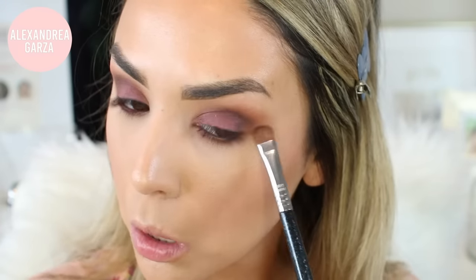I also kind of winged it out at the corners. I'm finishing off the eyes with some liner and mascara and also some lashes from Lily Lash — these are a mink pair, I love them. I'm lining my lips with Stripped Down by MAC, it's a really pretty mauve brown nude color.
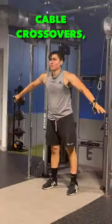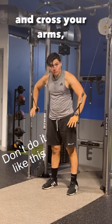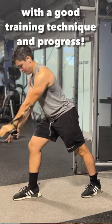The cable crossover — we all love this exercise. Some people do it incorrectly, but if you do it correctly, if you focus on your chest, if you cross your arms and do it in the correct angles, trust me, you're going to have a bigger chest with good training technique and progression.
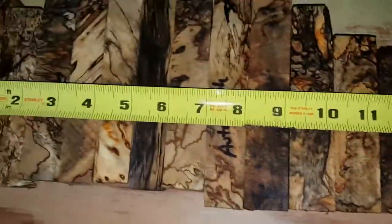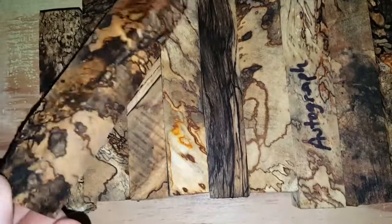12 of them measuring out at about 12 inches, so they're pretty close to an inch square. Let me try to show them to you real quick, all the way around — they're just gorgeous. These are solid hard spalt.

### [Exercise aim]
All the lines above need to be repeated exactly, with no pictures carried over.

### [Written solution]
I also kind of winged it out at the corners. I'm finishing off the eyes with some liner and mascara and also some lashes from Lily Lash — these are a mink pair, I love them. I'm lining my lips with Stripped Down by MAC, it's a really pretty mauve brown nude color.
The cable crossover — we all love this exercise. Some people do it incorrectly, but if you do it correctly, if you focus on your chest, if you cross your arms and do it in the correct angles, trust me, you're going to have a bigger chest with good training technique and progression.
12 of them measuring out at about 12 inches, so they're pretty close to an inch square. Let me try to show them to you real quick, all the way around — they're just gorgeous. These are solid hard spalt.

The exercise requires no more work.